PXC stop working and overloads the server

Hi.
We are trying to implement a PXC, and came across a strange problem. The tests were conducted on a bunch PXC + zabbix.

Configuration Server (3 nodes):

First node (10.10.92.3, neon):
CPU: 2 X Intel(R) Xeon(R) CPU E5620 @ 2.40GHz
Memory: 96Gb
Storage: 3 SSD drives Samsung 840 Pro 512Gb (with LVM)

Second node (10.10.91.4, natrium):
CPU: 2 X Intel(R) Xeon(R) CPU E5620 @ 2.40GHz
Memory: 96Gb
Storage: 3 SSD drives Samsung 840 Pro 512Gb (with LVM)

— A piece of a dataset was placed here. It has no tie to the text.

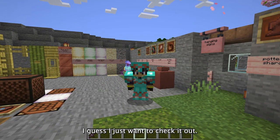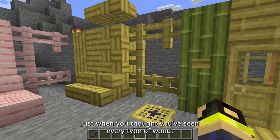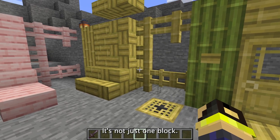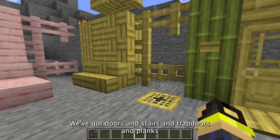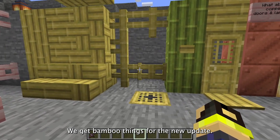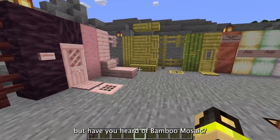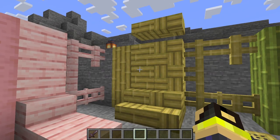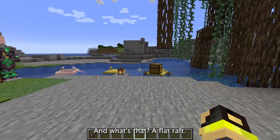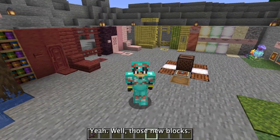First up is all the new bamboo wood blocks. Just when you thought you've seen every type of wood — bamboo! You got yourself some bamboo wood. It's not just one block; we've got doors and stairs and trap doors and planks, all from a friendly neighborhood bamboo dealer. We also get bamboo mosaic — it looks like parquet floors. And what's that? A flat raft! Now you can float down in a rickety raft made of once-useless material.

Third node (10.10.92.2, blackbird):
CPU: 2 X Intel(R) Xeon(R) CPU E5-2660 0 @ 2.20GHz
Memory: 96Gb
Storage: 3 SSD drives Samsung 840 Pro 512Gb (with LVM)

All nodes are connected with 10G network interface directly!
At the time of testing, zabbix is only connected to the third node (without balancing).

What’s going on:

Immediately after the launch zabbix, everything works correctly. Approximately, after 8-12 hours the problems begin. On one of the nodes (different one each time) significantly rises the load on the CPU (system time). So, it is not even possible to connect via SSH.
When this happens, disconnecting zabbix and other servers does not solve the problem, the load on the CPU is not reduced.
The last time there was a problem with the second server. Other nodes just lose connection with the problematic one. Here is the logs from third node: see attachment ‘log_3_node.txt’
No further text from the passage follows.